Center of Ophthalmology, University of Cologne

Purpose: Although a lot of progress had been made in conventional therapy and diagnostics some eye diseases still lead to an unacceptable risk of blindness. Among them are the hereditary retinal dystrophies, glaucoma, and destructions of the anterior segment after trauma or fatal inflammatory diseases. The application of new technologies and the integration of microelectronic sensors and actuators after biocompatible encapsulation as implants can help to improve the situation.

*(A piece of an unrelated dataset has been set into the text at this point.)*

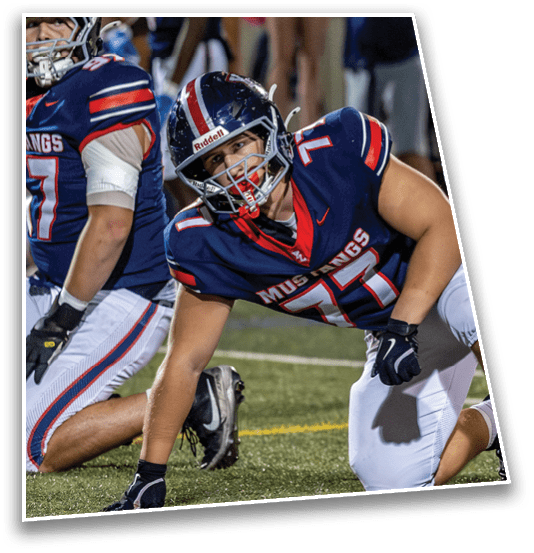 A person wearing a blue football uniform with the number 71 and the word Mustangs is crouched on a grassy field, preparing for a play. Description generated by AI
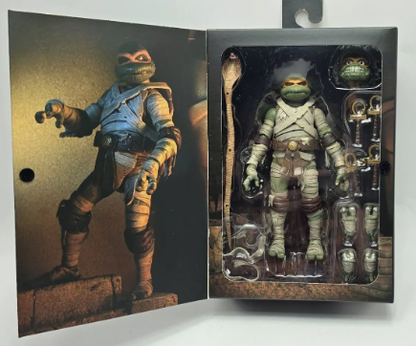 Universal Monsters x Teenage Mutant Ninja Turtles – 7” Scale Action Figure – Ultimate Michelangelo as The Mummy (NECA)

Method: By means of microsystem technology and the arrangement of very small microelectronic elements on flexible substrates active implants can be designed in a way that they are supplied with energy from outside the eye on one hand and that they work even after encapsulation in biocompatible materials. In-vitro and in-vivo research conducted by multidisciplinary expert teams give impressions in active implants for the eye in the future.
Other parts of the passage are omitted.